Your assignment: Could you repeat the data word for word while skipping the pictures?

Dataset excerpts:
[Start of Attachment]

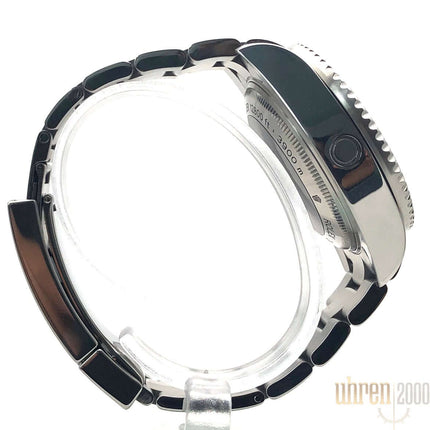 116660-11-2011-170-5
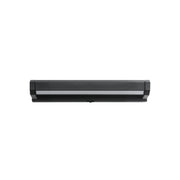 ET2 E21491-BK Braque 19" LED Picture Light | Black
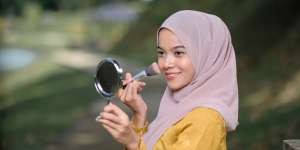 Tips Menentukan Warna Kulit untuk Memilih Produk Kecantikan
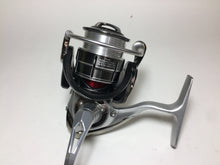 Load image into Gallery viewer, R5793) DAIWA 2014 IGNIS 2003H TYPE-R for Freshwater only Spinning Reel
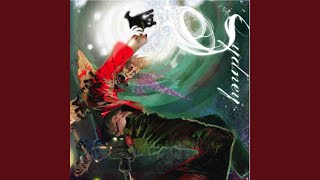 In Dreams We Believe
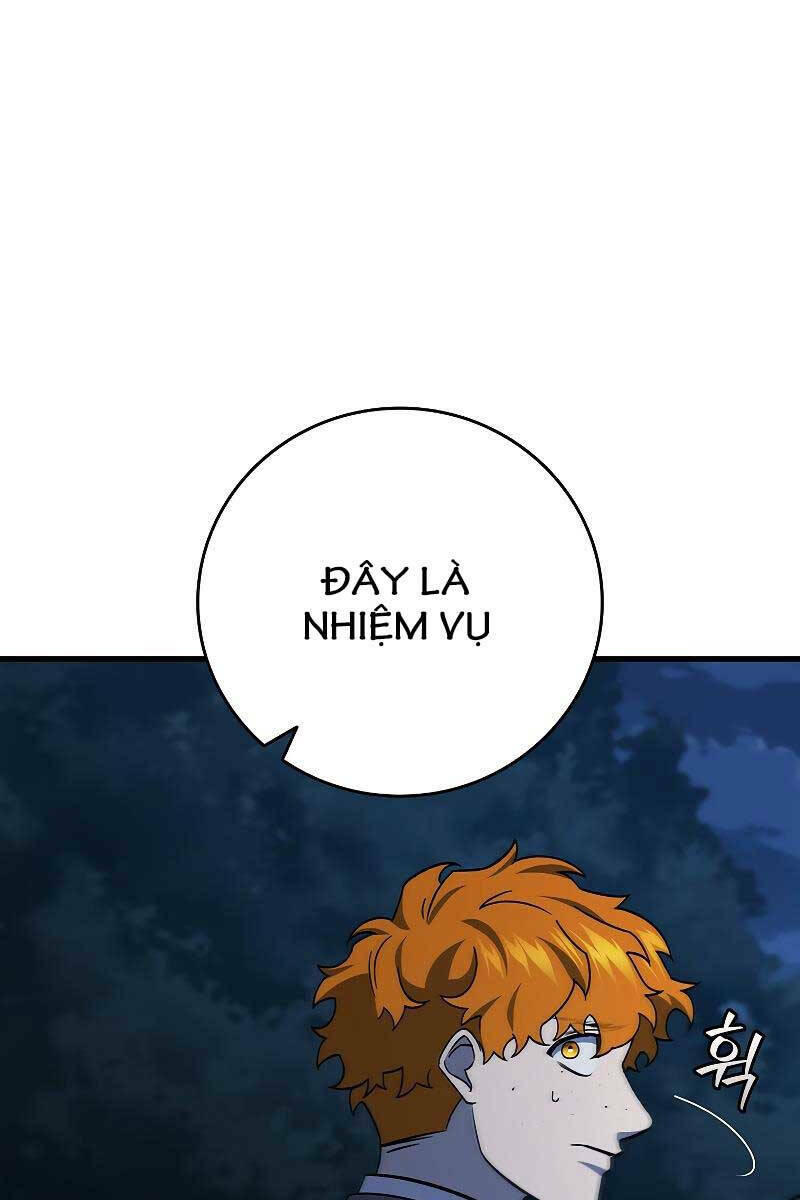 Thực Long Ma Pháp Sư - Chapter 25 - Page 61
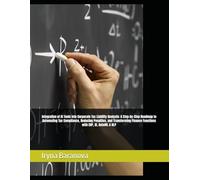 Integration of AI Tools into Corporate Tax Liability Analysis: A Step-by-Step Roadmap to Automating Tax Compliance, Reducing Penalties, and Transforming Finance Functions with ERP, BI, AutoML & NLP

[End of Attachment]

Solution for this exercise:
 116660-11-2011-170-5
 ET2 E21491-BK Braque 19" LED Picture Light | Black
 Tips Menentukan Warna Kulit untuk Memilih Produk Kecantikan
 Load image into Gallery viewer, R5793) DAIWA 2014 IGNIS 2003H TYPE-R for Freshwater only Spinning Reel
 In Dreams We Believe
 Thực Long Ma Pháp Sư - Chapter 25 - Page 61
 Integration of AI Tools into Corporate Tax Liability Analysis: A Step-by-Step Roadmap to Automating Tax Compliance, Reducing Penalties, and Transforming Finance Functions with ERP, BI, AutoML & NLP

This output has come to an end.